● **Task details**:
Produce an exact transcript of all the records.

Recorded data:

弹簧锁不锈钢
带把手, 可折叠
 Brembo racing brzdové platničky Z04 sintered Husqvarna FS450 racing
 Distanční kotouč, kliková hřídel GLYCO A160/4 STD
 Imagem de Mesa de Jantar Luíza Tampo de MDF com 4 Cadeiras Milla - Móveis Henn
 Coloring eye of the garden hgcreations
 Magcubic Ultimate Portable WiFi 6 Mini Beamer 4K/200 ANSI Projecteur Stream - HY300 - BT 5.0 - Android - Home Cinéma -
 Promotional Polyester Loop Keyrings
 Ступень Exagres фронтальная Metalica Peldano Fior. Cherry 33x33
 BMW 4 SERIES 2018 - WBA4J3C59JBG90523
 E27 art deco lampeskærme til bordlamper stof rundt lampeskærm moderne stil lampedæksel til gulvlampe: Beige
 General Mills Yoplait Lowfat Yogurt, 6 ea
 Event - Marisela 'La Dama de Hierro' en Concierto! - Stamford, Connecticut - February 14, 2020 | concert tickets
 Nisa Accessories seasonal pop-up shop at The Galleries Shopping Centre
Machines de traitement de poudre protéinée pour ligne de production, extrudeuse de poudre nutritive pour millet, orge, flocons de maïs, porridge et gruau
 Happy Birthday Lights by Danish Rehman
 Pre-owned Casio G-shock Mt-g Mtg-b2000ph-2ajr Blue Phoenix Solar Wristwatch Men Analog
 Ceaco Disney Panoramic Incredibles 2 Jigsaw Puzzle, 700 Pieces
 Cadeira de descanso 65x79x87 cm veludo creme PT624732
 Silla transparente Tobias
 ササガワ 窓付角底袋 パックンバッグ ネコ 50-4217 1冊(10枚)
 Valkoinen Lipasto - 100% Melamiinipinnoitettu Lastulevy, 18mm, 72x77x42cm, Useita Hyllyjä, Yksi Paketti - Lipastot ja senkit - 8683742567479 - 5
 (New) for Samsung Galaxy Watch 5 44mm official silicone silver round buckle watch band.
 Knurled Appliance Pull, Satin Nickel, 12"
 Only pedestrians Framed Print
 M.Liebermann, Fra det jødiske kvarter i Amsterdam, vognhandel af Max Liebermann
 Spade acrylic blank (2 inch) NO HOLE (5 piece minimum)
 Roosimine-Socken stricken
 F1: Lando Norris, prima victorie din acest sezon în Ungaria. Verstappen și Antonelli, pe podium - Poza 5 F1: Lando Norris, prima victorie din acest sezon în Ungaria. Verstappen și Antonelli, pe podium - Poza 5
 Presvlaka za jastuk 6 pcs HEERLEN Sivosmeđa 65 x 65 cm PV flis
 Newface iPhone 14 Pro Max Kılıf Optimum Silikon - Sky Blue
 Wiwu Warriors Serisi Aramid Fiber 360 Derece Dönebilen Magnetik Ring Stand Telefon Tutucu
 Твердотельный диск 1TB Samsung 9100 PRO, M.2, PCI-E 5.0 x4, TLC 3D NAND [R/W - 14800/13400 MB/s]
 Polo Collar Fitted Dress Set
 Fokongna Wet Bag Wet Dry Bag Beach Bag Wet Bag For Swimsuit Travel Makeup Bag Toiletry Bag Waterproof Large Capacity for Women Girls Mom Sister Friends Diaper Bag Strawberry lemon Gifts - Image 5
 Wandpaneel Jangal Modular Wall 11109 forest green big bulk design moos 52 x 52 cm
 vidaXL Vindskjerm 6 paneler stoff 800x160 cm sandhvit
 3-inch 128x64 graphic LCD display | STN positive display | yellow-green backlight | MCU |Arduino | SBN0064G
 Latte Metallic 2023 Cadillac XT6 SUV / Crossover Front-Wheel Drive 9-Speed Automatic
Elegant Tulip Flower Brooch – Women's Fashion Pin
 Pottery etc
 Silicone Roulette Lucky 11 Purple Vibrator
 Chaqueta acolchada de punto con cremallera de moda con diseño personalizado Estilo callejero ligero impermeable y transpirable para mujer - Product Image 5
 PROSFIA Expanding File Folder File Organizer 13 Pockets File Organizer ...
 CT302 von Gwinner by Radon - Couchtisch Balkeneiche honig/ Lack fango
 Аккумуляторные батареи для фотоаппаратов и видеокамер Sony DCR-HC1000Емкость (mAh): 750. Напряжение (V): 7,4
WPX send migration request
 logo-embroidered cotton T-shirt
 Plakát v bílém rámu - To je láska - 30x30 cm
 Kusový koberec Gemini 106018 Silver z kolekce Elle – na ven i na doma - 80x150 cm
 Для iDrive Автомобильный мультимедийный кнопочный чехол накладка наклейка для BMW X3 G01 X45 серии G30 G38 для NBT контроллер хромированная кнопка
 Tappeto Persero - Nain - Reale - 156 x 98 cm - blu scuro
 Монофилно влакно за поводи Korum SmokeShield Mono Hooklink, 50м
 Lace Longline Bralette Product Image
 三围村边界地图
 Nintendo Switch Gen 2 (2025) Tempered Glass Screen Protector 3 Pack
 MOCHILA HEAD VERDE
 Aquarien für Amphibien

● **Reply**:
弹簧锁不锈钢
带把手, 可折叠
 Brembo racing brzdové platničky Z04 sintered Husqvarna FS450 racing
 Distanční kotouč, kliková hřídel GLYCO A160/4 STD
 Imagem de Mesa de Jantar Luíza Tampo de MDF com 4 Cadeiras Milla - Móveis Henn
 Coloring eye of the garden hgcreations
 Magcubic Ultimate Portable WiFi 6 Mini Beamer 4K/200 ANSI Projecteur Stream - HY300 - BT 5.0 - Android - Home Cinéma -
 Promotional Polyester Loop Keyrings
 Ступень Exagres фронтальная Metalica Peldano Fior. Cherry 33x33
 BMW 4 SERIES 2018 - WBA4J3C59JBG90523
 E27 art deco lampeskærme til bordlamper stof rundt lampeskærm moderne stil lampedæksel til gulvlampe: Beige
 General Mills Yoplait Lowfat Yogurt, 6 ea
 Event - Marisela 'La Dama de Hierro' en Concierto! - Stamford, Connecticut - February 14, 2020 | concert tickets
 Nisa Accessories seasonal pop-up shop at The Galleries Shopping Centre
Machines de traitement de poudre protéinée pour ligne de production, extrudeuse de poudre nutritive pour millet, orge, flocons de maïs, porridge et gruau
 Happy Birthday Lights by Danish Rehman
 Pre-owned Casio G-shock Mt-g Mtg-b2000ph-2ajr Blue Phoenix Solar Wristwatch Men Analog
 Ceaco Disney Panoramic Incredibles 2 Jigsaw Puzzle, 700 Pieces
 Cadeira de descanso 65x79x87 cm veludo creme PT624732
 Silla transparente Tobias
 ササガワ 窓付角底袋 パックンバッグ ネコ 50-4217 1冊(10枚)
 Valkoinen Lipasto - 100% Melamiinipinnoitettu Lastulevy, 18mm, 72x77x42cm, Useita Hyllyjä, Yksi Paketti - Lipastot ja senkit - 8683742567479 - 5
 (New) for Samsung Galaxy Watch 5 44mm official silicone silver round buckle watch band.
 Knurled Appliance Pull, Satin Nickel, 12"
 Only pedestrians Framed Print
 M.Liebermann, Fra det jødiske kvarter i Amsterdam, vognhandel af Max Liebermann
 Spade acrylic blank (2 inch) NO HOLE (5 piece minimum)
 Roosimine-Socken stricken
 F1: Lando Norris, prima victorie din acest sezon în Ungaria. Verstappen și Antonelli, pe podium - Poza 5 F1: Lando Norris, prima victorie din acest sezon în Ungaria. Verstappen și Antonelli, pe podium - Poza 5
 Presvlaka za jastuk 6 pcs HEERLEN Sivosmeđa 65 x 65 cm PV flis
 Newface iPhone 14 Pro Max Kılıf Optimum Silikon - Sky Blue
 Wiwu Warriors Serisi Aramid Fiber 360 Derece Dönebilen Magnetik Ring Stand Telefon Tutucu
 Твердотельный диск 1TB Samsung 9100 PRO, M.2, PCI-E 5.0 x4, TLC 3D NAND [R/W - 14800/13400 MB/s]
 Polo Collar Fitted Dress Set
 Fokongna Wet Bag Wet Dry Bag Beach Bag Wet Bag For Swimsuit Travel Makeup Bag Toiletry Bag Waterproof Large Capacity for Women Girls Mom Sister Friends Diaper Bag Strawberry lemon Gifts - Image 5
 Wandpaneel Jangal Modular Wall 11109 forest green big bulk design moos 52 x 52 cm
 vidaXL Vindskjerm 6 paneler stoff 800x160 cm sandhvit
 3-inch 128x64 graphic LCD display | STN positive display | yellow-green backlight | MCU |Arduino | SBN0064G
 Latte Metallic 2023 Cadillac XT6 SUV / Crossover Front-Wheel Drive 9-Speed Automatic
Elegant Tulip Flower Brooch – Women's Fashion Pin
 Pottery etc
 Silicone Roulette Lucky 11 Purple Vibrator
 Chaqueta acolchada de punto con cremallera de moda con diseño personalizado Estilo callejero ligero impermeable y transpirable para mujer - Product Image 5
 PROSFIA Expanding File Folder File Organizer 13 Pockets File Organizer ...
 CT302 von Gwinner by Radon - Couchtisch Balkeneiche honig/ Lack fango
 Аккумуляторные батареи для фотоаппаратов и видеокамер Sony DCR-HC1000Емкость (mAh): 750. Напряжение (V): 7,4
WPX send migration request
 logo-embroidered cotton T-shirt
 Plakát v bílém rámu - To je láska - 30x30 cm
 Kusový koberec Gemini 106018 Silver z kolekce Elle – na ven i na doma - 80x150 cm
 Для iDrive Автомобильный мультимедийный кнопочный чехол накладка наклейка для BMW X3 G01 X45 серии G30 G38 для NBT контроллер хромированная кнопка
 Tappeto Persero - Nain - Reale - 156 x 98 cm - blu scuro
 Монофилно влакно за поводи Korum SmokeShield Mono Hooklink, 50м
 Lace Longline Bralette Product Image
 三围村边界地图
 Nintendo Switch Gen 2 (2025) Tempered Glass Screen Protector 3 Pack
 MOCHILA HEAD VERDE
 Aquarien für Amphibien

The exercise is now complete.